While on one level Aimee sings about their painful relationship with its extra heavy share of problems they both face; the songs are ordered so that they can be seen as a way to tell a story about the two lovers taking a long journey together. The fact that Aimee Mann can work on both levels here is made all the more remarkable when you consider the fact that this album was recorded over a mere five days (yes, five days) last summer! There are her ballads not only about love but also about the tough times she and her man face when addicted to heroin. People have also added that this album has a 70s feel to it-and you can believe them. For 70s lovers these ballads and heartbreaking lyrics bring an added bonus.

A critic for another online music vendor (similar to Amazon) writes that Mann sings her songs "in a devastatingly affectless deadpan" way. I disagree! I think she sings so soulfully you can literally watch and even feel her bleeding from the angst and the emotional turmoil the man and woman have to go through. These are people struggling just to stay in some sort of control over their lives. Yes, her words are direct and she doesn't mince words in her lyrics. But isn't the honesty refreshing instead of "affectless?" I would say yes.

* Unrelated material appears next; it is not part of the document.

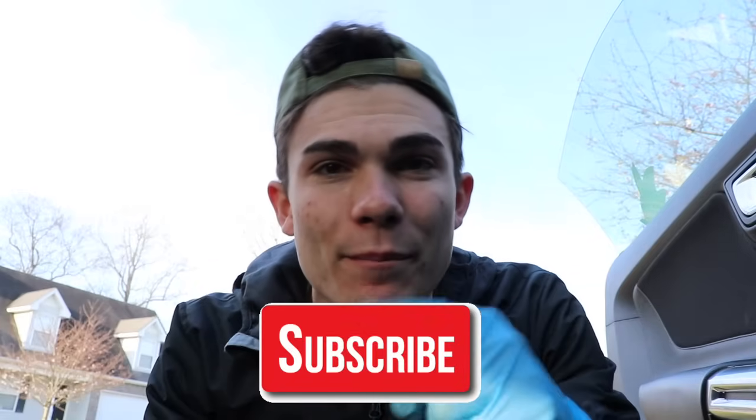Welcome back to the Wilson Auto Detailing Community. If you're a professional auto detailer who wants to become more successful and profitable in your business, or just a car enthusiast who wants to improve your detailing ability, then definitely consider hitting that big red subscribe button right below this video.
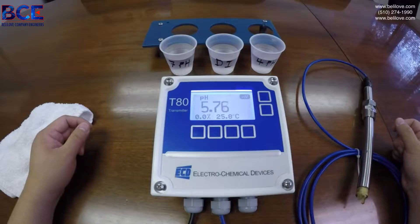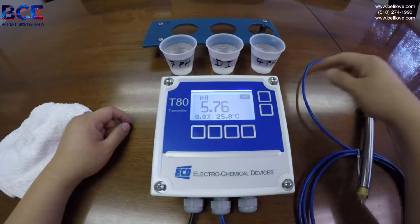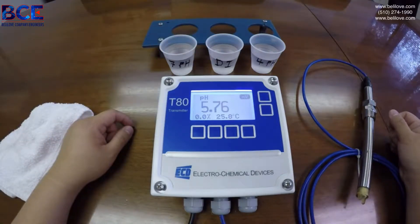Welcome to Electrochemical Devices. Today we'll be calibrating pH with the T80 Universal Digital Transmitter. You will require 7 pH buffer, DI water, and 4 pH buffer. If no DI water is available, simple tap water will be fine.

The album starts off strong with a great-but brief-musical introduction that begins the first track, "Dear John." Great guitar and Aimee sings this so soulfully! Then comes the song "King of the Jailhouse." This is a noticeably slower song, thoughtful, singing about her relationship with a man, singing of her pain, confusion, "and they don't give the answers at the end of the test." Great lyrics! "Goodbye Caroline" is an excellent song about ending relationships and not knowing who is in her future. If you follow the theory that this collection of songs is about a road trip then this song could be about saying goodbye just as she and her man depart. Although the problems get worse in "Going Through The Motions," it is in the song "I Can't Get My Head Around It" where we really see how bad things can become. She and her man are in a world where "kicking is hard, but the bottom is harder." You can feel her excruciating angst! The music has a beat to it that highlights their journey and the passage of time in their relationship. The songs "She Really Wants You," "Video," and "Little Bombs" are all insightful and thoughtful. Notice how Aimee uses the video as a reference to her own memories of their past times together-both good and bad. "That's How I Knew This Story Would Break My Heart" offers up a beautiful musical arrangement! Aimee's lyrics are again reflective as she sings to show her extreme sadness. "I Can't Help You Anymore" involves just what the title says she's singing about-she can no longer help her boyfriend addicted to drugs; she herself needs to get out now or "it will drag (her) under." She knows she can't do anything to help her man. What an incredibly sad song--but beautifully written and sung. "I Was Thinking I Could Clean Up for Christmas" is about trying to get off drugs but failing because of the lack of strength to kick the habit-this song gives us a fantastic beat, too. The CD ends with the stunning track entitled "Beautiful." Aimee Mann sings of how they both just want to make their problems go away, to make each other happy with a single wave of a magic wand. The questions of whether or not they need others to help them through their messy problematic lives is not clearly answered; this gives us one final push of the agony that ensues when drugs and relationships get tangled-and people lose control of their lives-which is what Mann tries to display throughout the album.

Mann not only sings on this album; she also plays electric guitar and even acoustic guitar! She works well with her peers: look for Jeff Trott playing electric guitar, baritone guitar, and the mandolin! Victor Indrizzo plays drums, cowbells, and percussion; Jay Bellerose helps out also on drums and percussion. Background vocals are performed by Julian Coryell and Paul Bryan.

All in all, Aimee gets a great score for releasing this awesome CD with hauntingly beautiful lyrics and musical arrangements that will leave you wanting to play it over again several times! It's a concept album, a musical type of novella that is truly memorable, touching, and flawless. The songs themselves are fresh, new, exciting because of their total honesty, and very captivating.